Required work — Would you write out the lines below exactly, from the one containing "TSXDEZ08A4 module d'entrées" to the very last, but without the pictures?

Recorded data —

↓↓↓

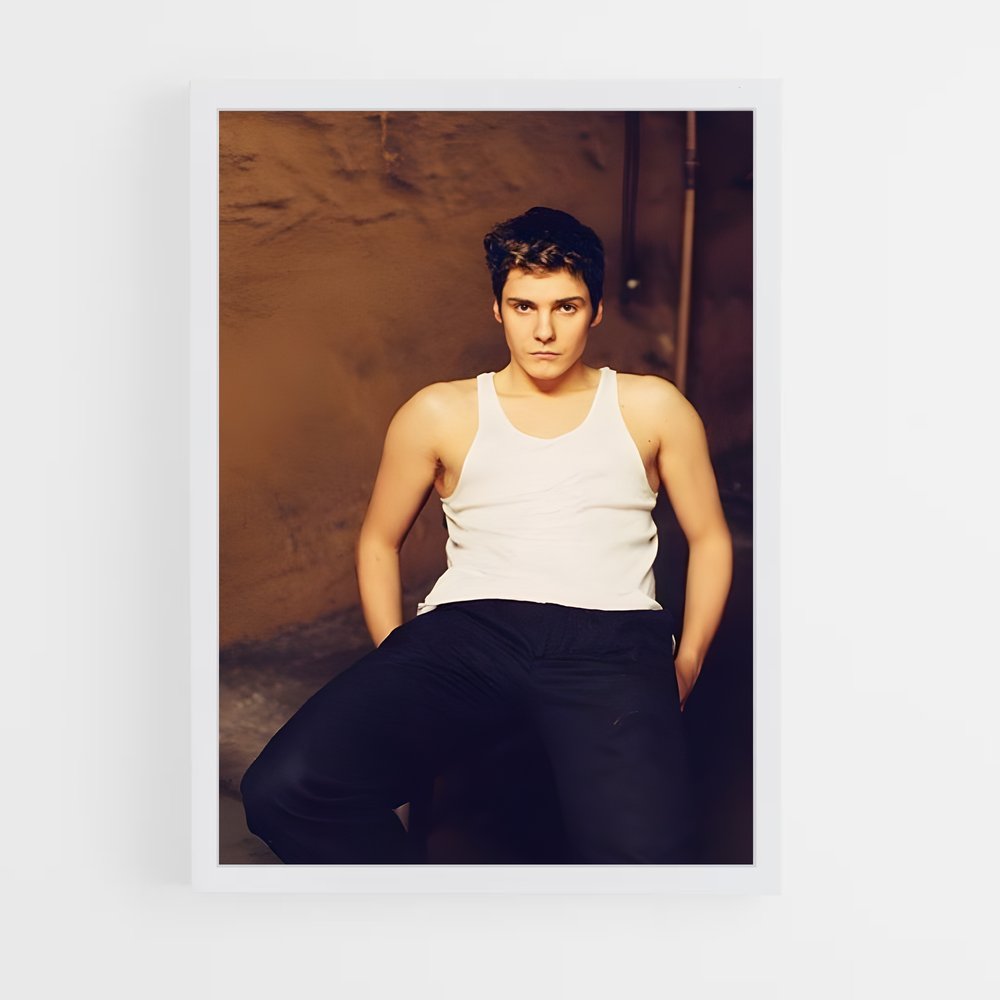 ap-daniel bruhl-10 cadre Blanc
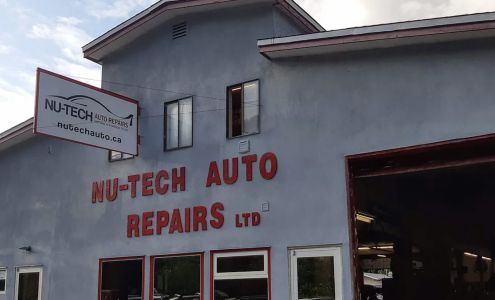 Nu-Tech Auto Repairs Ltd. 2045 Columbia Ave, Trail British Columbia V1R 1K7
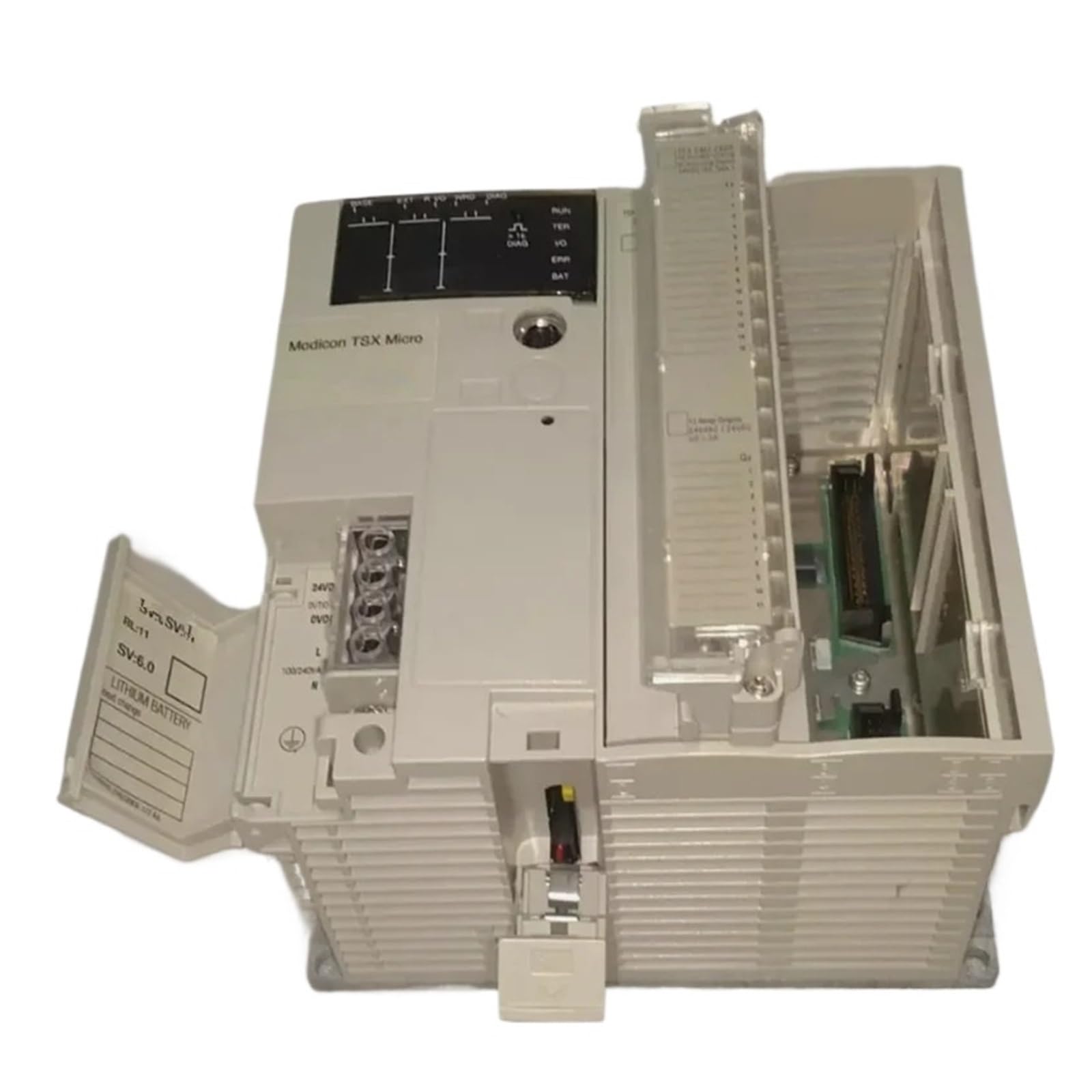 TSXDEZ08A4 module d'entrées analogiques pour contrôle de processus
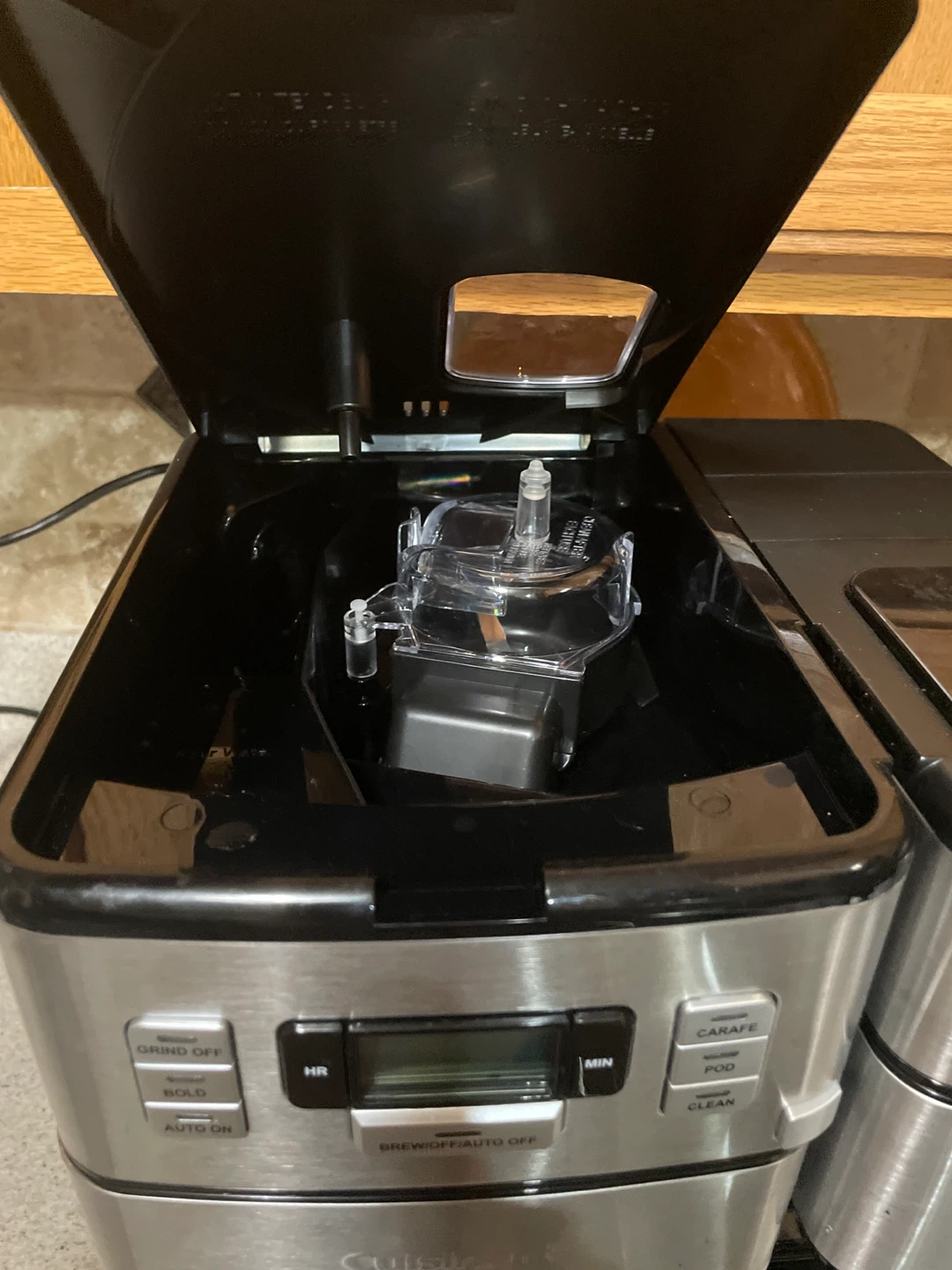 Cuisinart Coffee Maker - photo 2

↑↑↑

Written reply —
 TSXDEZ08A4 module d'entrées analogiques pour contrôle de processus
 Cuisinart Coffee Maker - photo 2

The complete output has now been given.